If your co-workers are not trying to start a romantic relationship you do not want, and you like the flowers, you might say, “Thank you.” But if you feel you need to clarify misconceptions, or are concerned about workplace sexual harassment, explain that you are not interested and that the gift of flowers on Valentine’s Day makes you uncomfortable.

Unwanted sexual attention rises to the level of illegal harassment when it is so frequent or severe that it creates a hostile work environment. State and federal law prohibit sexual harassment in the workplace, and employers have a duty to respond to employees’ complaints.

A recent appellate case illustrates what could be considered sexual harassment by a co-worker. In Equal Employment Opportunity Commission v. Prospect Airport Services, Inc. a widowed male employee alleged that a married female co-worker sexually harassed him for over six months by giving him three or four explicitly sexual notes and a revealing photograph of herself, making lewd gestures and suggestive comments on a daily basis, and sending messages through co-workers who later mocked him. The woman continued with her propositions even after the man clearly informed her and his supervisors that the interest was not mutual and the woman’s actions were unwelcome. One supervisor told the man that he “did not want to get involved in personal matters.” Another supervisor said it was a joke and that he should walk around singing, “I’m too sexy for my shirt.” The man, who had been promoted previously, was demoted and then fired; he attributed his diminished work performance to the stress caused by the harassment. The court concluded the pervasiveness of the woman’s overtures and the inadequate response by the employer established a jury question of whether the man had suffered sexual harassment.

Had the woman quit pursuing him when he clearly told her no, the first note or two likely would not have constituted sexual harassment. As the court explained, “Not all propositions for romance or more are sexual harassment,” and “mere awkwardness is insufficient to establish the ‘severe or pervasive’ element.” What made the woman’s conduct especially troublesome was how it was repeated even after he told her, “I’m not interested,” and that he was “just not looking for any kind of thing like that.” The gender or attractiveness of the harasser is irrelevant for purposes of Title VII, the federal law prohibiting sexual harassment. As the court pointed out, “Title VII is not a beauty contest, and even if [the woman] looks like Marilyn Monroe, [the man] might not want to have sex with her, for all sorts of possible reasons.”

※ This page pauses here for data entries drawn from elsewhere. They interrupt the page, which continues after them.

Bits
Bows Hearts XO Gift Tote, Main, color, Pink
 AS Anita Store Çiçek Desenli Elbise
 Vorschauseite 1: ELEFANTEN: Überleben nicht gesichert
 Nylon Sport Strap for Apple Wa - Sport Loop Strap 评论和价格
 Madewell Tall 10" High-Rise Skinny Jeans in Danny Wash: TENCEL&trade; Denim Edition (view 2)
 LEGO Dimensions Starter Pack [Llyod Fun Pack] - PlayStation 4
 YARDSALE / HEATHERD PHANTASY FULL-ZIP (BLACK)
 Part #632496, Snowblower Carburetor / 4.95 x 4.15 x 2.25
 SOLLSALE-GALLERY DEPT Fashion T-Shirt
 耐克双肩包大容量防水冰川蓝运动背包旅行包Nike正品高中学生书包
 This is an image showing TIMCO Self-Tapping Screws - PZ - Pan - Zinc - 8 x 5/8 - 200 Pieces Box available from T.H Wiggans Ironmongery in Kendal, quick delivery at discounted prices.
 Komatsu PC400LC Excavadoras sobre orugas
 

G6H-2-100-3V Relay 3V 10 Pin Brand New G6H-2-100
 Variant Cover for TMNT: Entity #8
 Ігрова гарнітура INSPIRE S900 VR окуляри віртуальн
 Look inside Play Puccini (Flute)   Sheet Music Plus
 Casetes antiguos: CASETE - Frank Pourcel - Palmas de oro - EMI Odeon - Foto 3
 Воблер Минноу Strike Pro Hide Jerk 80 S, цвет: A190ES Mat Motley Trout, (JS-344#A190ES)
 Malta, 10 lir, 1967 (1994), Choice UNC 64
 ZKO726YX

Another problem in the Prospect Airport Services case was the employer’s lack of response. The man’s immediate supervisor told him she would tell the woman to stop, but did not, and the other managers did not take his complaints seriously. An employer is liable for an employee’s sexual harassment of a co-worker if it knew, or should have known, about the harassment and failed to take prompt and effective remedial action.

The situation you describe seems, without knowing more, different than the one in the Prospect Airport Services case. The gift of flowers, a Valentine’s Day tradition, could be simply a kind gesture with no romantic intentions. Nevertheless, if it makes you feel uncomfortable, talk with your co-workers. If you still are concerned, speak with a supervisor. Clear communication in the workplace can prevent misunderstandings and other problems.